### ABOUT THIS EXERCISE
Return every record verbatim.

### AVAILABLE DATA
------------------------------

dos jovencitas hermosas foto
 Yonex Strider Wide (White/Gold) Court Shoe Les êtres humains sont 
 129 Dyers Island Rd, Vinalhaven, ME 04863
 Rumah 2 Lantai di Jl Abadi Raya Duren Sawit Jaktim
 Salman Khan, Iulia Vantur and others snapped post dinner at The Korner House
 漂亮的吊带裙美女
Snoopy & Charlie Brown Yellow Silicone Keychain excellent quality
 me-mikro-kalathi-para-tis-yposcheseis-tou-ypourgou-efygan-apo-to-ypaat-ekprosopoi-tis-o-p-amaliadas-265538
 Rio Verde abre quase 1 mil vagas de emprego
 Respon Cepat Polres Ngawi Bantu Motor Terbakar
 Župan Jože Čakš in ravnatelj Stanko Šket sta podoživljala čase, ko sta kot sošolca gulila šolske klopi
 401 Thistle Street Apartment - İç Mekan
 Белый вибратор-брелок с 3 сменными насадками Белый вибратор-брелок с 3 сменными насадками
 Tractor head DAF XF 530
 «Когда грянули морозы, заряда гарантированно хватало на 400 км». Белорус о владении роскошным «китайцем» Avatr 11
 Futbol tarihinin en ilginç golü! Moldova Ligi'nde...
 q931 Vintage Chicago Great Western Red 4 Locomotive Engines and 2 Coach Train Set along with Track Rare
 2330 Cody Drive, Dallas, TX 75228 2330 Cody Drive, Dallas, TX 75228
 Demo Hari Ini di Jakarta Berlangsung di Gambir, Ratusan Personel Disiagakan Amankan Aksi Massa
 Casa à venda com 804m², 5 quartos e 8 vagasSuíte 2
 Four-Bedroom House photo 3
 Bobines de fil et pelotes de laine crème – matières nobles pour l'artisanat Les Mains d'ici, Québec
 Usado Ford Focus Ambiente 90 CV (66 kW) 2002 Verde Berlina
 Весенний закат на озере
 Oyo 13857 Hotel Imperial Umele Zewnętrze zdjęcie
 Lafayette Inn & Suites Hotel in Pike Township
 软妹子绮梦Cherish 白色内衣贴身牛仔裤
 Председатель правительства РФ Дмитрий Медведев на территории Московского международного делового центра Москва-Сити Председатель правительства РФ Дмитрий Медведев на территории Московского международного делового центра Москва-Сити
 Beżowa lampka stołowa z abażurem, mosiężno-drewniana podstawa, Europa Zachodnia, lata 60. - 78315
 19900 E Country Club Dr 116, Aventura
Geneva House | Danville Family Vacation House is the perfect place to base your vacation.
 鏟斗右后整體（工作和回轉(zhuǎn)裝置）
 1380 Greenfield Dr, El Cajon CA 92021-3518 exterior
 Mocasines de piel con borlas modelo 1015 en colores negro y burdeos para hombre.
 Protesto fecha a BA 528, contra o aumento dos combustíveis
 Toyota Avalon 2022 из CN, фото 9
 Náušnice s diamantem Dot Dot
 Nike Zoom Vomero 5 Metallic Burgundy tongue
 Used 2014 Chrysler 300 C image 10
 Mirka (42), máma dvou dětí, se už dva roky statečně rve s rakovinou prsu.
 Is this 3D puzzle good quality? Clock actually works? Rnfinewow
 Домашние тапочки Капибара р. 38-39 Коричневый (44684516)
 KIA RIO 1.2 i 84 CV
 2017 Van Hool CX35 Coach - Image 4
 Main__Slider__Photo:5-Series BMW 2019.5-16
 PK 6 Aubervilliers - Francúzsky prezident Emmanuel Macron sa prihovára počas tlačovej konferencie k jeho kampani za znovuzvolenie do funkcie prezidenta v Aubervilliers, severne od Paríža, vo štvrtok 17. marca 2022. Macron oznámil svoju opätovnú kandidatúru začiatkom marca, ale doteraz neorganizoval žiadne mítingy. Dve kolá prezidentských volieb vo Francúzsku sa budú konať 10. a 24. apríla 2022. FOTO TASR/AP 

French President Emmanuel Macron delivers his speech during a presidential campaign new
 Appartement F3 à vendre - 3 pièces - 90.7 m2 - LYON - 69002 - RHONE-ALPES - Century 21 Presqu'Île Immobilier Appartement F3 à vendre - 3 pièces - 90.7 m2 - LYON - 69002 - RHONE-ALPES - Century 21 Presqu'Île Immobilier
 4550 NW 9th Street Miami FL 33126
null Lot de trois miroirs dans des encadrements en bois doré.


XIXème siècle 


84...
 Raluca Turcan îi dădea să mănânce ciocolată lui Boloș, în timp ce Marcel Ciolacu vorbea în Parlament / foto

------------------------------

### ANSWER SPACE
dos jovencitas hermosas foto
 Yonex Strider Wide (White/Gold) Court Shoe Les êtres humains sont 
 129 Dyers Island Rd, Vinalhaven, ME 04863
 Rumah 2 Lantai di Jl Abadi Raya Duren Sawit Jaktim
 Salman Khan, Iulia Vantur and others snapped post dinner at The Korner House
 漂亮的吊带裙美女
Snoopy & Charlie Brown Yellow Silicone Keychain excellent quality
 me-mikro-kalathi-para-tis-yposcheseis-tou-ypourgou-efygan-apo-to-ypaat-ekprosopoi-tis-o-p-amaliadas-265538
 Rio Verde abre quase 1 mil vagas de emprego
 Respon Cepat Polres Ngawi Bantu Motor Terbakar
 Župan Jože Čakš in ravnatelj Stanko Šket sta podoživljala čase, ko sta kot sošolca gulila šolske klopi
 401 Thistle Street Apartment - İç Mekan
 Белый вибратор-брелок с 3 сменными насадками Белый вибратор-брелок с 3 сменными насадками
 Tractor head DAF XF 530
 «Когда грянули морозы, заряда гарантированно хватало на 400 км». Белорус о владении роскошным «китайцем» Avatr 11
 Futbol tarihinin en ilginç golü! Moldova Ligi'nde...
 q931 Vintage Chicago Great Western Red 4 Locomotive Engines and 2 Coach Train Set along with Track Rare
 2330 Cody Drive, Dallas, TX 75228 2330 Cody Drive, Dallas, TX 75228
 Demo Hari Ini di Jakarta Berlangsung di Gambir, Ratusan Personel Disiagakan Amankan Aksi Massa
 Casa à venda com 804m², 5 quartos e 8 vagasSuíte 2
 Four-Bedroom House photo 3
 Bobines de fil et pelotes de laine crème – matières nobles pour l'artisanat Les Mains d'ici, Québec
 Usado Ford Focus Ambiente 90 CV (66 kW) 2002 Verde Berlina
 Весенний закат на озере
 Oyo 13857 Hotel Imperial Umele Zewnętrze zdjęcie
 Lafayette Inn & Suites Hotel in Pike Township
 软妹子绮梦Cherish 白色内衣贴身牛仔裤
 Председатель правительства РФ Дмитрий Медведев на территории Московского международного делового центра Москва-Сити Председатель правительства РФ Дмитрий Медведев на территории Московского международного делового центра Москва-Сити
 Beżowa lampka stołowa z abażurem, mosiężno-drewniana podstawa, Europa Zachodnia, lata 60. - 78315
 19900 E Country Club Dr 116, Aventura
Geneva House | Danville Family Vacation House is the perfect place to base your vacation.
 鏟斗右后整體（工作和回轉(zhuǎn)裝置）
 1380 Greenfield Dr, El Cajon CA 92021-3518 exterior
 Mocasines de piel con borlas modelo 1015 en colores negro y burdeos para hombre.
 Protesto fecha a BA 528, contra o aumento dos combustíveis
 Toyota Avalon 2022 из CN, фото 9
 Náušnice s diamantem Dot Dot
 Nike Zoom Vomero 5 Metallic Burgundy tongue
 Used 2014 Chrysler 300 C image 10
 Mirka (42), máma dvou dětí, se už dva roky statečně rve s rakovinou prsu.
 Is this 3D puzzle good quality? Clock actually works? Rnfinewow
 Домашние тапочки Капибара р. 38-39 Коричневый (44684516)
 KIA RIO 1.2 i 84 CV
 2017 Van Hool CX35 Coach - Image 4
 Main__Slider__Photo:5-Series BMW 2019.5-16
 PK 6 Aubervilliers - Francúzsky prezident Emmanuel Macron sa prihovára počas tlačovej konferencie k jeho kampani za znovuzvolenie do funkcie prezidenta v Aubervilliers, severne od Paríža, vo štvrtok 17. marca 2022. Macron oznámil svoju opätovnú kandidatúru začiatkom marca, ale doteraz neorganizoval žiadne mítingy. Dve kolá prezidentských volieb vo Francúzsku sa budú konať 10. a 24. apríla 2022. FOTO TASR/AP 

French President Emmanuel Macron delivers his speech during a presidential campaign new
 Appartement F3 à vendre - 3 pièces - 90.7 m2 - LYON - 69002 - RHONE-ALPES - Century 21 Presqu'Île Immobilier Appartement F3 à vendre - 3 pièces - 90.7 m2 - LYON - 69002 - RHONE-ALPES - Century 21 Presqu'Île Immobilier
 4550 NW 9th Street Miami FL 33126
null Lot de trois miroirs dans des encadrements en bois doré.


XIXème siècle 


84...
 Raluca Turcan îi dădea să mănânce ciocolată lui Boloș, în timp ce Marcel Ciolacu vorbea în Parlament / foto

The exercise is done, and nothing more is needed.